Sometimes this leads to problems, as in the need to report a problem with spam classification, in Blogger Help Forum: Something Is Broken
Other people will want to know why, after renaming their blog, all the search engine references now point to a dead URL. Still others may want to rename specific posts, and yet have the post URLs match the new titles.
Blog URLs, and Post URLs, are complex details, for Blogger blogs. By default, both are managed for you. Not everybody understands how to manage blog and post URLs, when necessary.
Not every blog owner understands that ones readers are not possessions, to be manipulated at will.
Spammers would appreciate the ability to use Blogger blogs as starting points.
Many spammers would love to use various Blogger blogs as gateways, redirecting their readers either to other Blogger blogs, or to non Google controlled websites. In order to discourage spamming activity, neither type of redirect is permitted, by the Blogger spam classifier.
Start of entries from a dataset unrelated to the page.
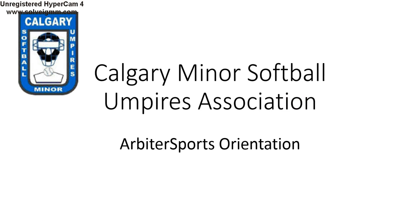Welcome to the Calgary Minor Softball Umpires Association Arbiter Sports Orientation. I'm going to take you through what it takes to get on Arbiter, how you set up your own schedule, what you do when you're assigned games, and how you set up your profile.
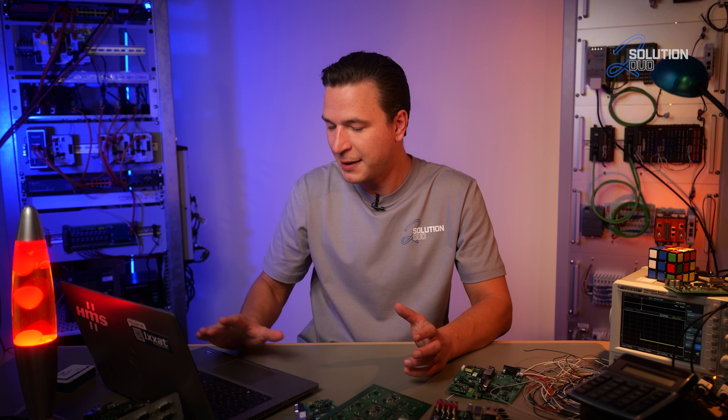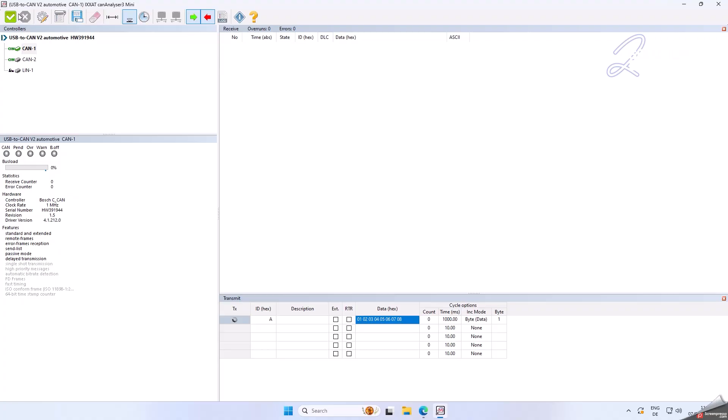Hey Janina. I'm having an awkward situation here with my CAN network and I don't find a solution for it. I'm using my USB to CAN v2 adapter in combination with the monitoring software CAN Analyzer 3 Mini. Every time I transmit CAN messages I get tons of CAN error frames.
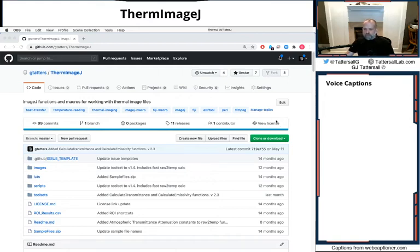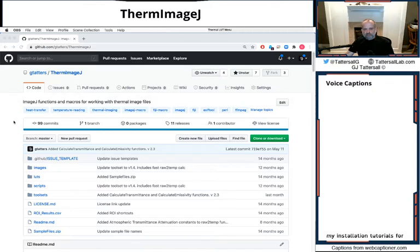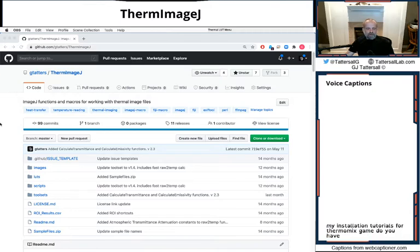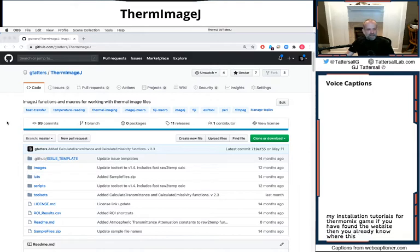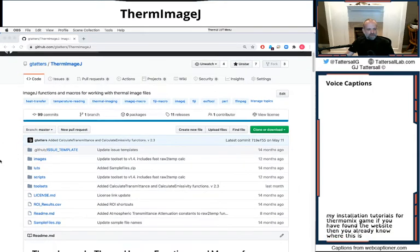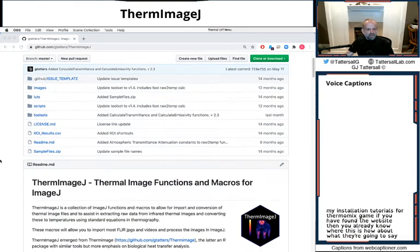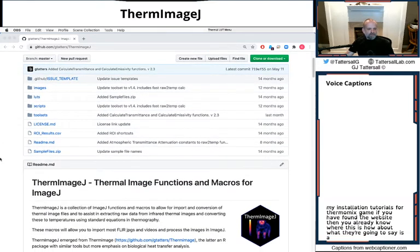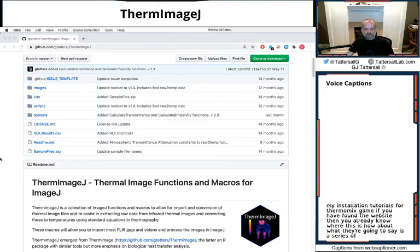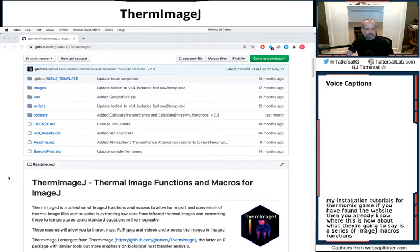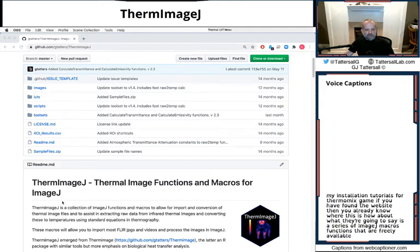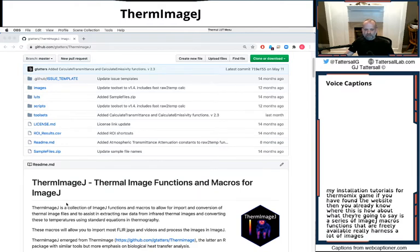Welcome to my installation tutorial for ThermImageJ. If you've found the GitHub website, then you already know where this is. But what ThermImageJ is, is a series of ImageJ macro functions that are freely available that really harness a lot of ImageJ's powers and analytical powers.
Even if automated redirection was permitted, many redirection techniques may not work for everybody. Modern browsers, designed to prevent abusive activity like hacking and spamming, may have filters which explicitly block DNS settings, and scripts, designed to redirect traffic from one website to another.
If you migrate a blog, then redirect, you may not see consistent results.
If you design your URL migration strategy to require automated redirection - and even if Blogger / Google does not delete the blog for abusive technique - you may still not see a consistent transfer of existing traffic, to your new URL.
You can redirect a Blogger blog, to a non BlogSpot URL, using properly setup custom domain publishing - "CNAME" referral. That is the only valid way to redirect a BlogSpot URL, to a non BlogSpot URL. Any other method will eventually leave you posting, in Blogger Help Forum: Something Is Broken
Why was my blog just deleted, by Blogger?
If you migrate to a new BlogSpot URL, use a Welcome post in a stub blog.
If you rename your blog - and publish to a new BlogSpot URL, your only recourse is to publish a "stub" (empty) blog to the old URL, and visually redirect your readers.
This blog is now published as "blogger-status-for-real.blogspot.com". Please update your bookmarks.
Blogger does not offer ".htaccess" features, such as redirection.
One disappointment, experienced by non Blogger webmasters, is the lack of ".htaccess" based redirection. You do not have access to the "blogspot.com" root folder - and you cannot use ".htaccess" based redirection.
You can redirect the feed - after you setup a new feed.
You can, if you wish, redirect the blog feed, after renaming the blog - but this should be done only when necessary.
There are several specific cases where the blog feed should not be redirected.
Custom redirects does not provide BlogSpot to BlogSpot redirection.
Blogger recently provided us the option to redirect traffic from one blog post to another - but the syntax used by the custom redirects wizard explicitly prevents redirection outside the base blog URL. That said, we have seen some imaginative redirections, between different URLs in the same blog.
Use of the custom redirect feature can generate interesting problems, not all of which can be prevented, easily. You can redirect some URLs - but you need to understand what you can, and cannot do - and why you cannot do everything that you would like.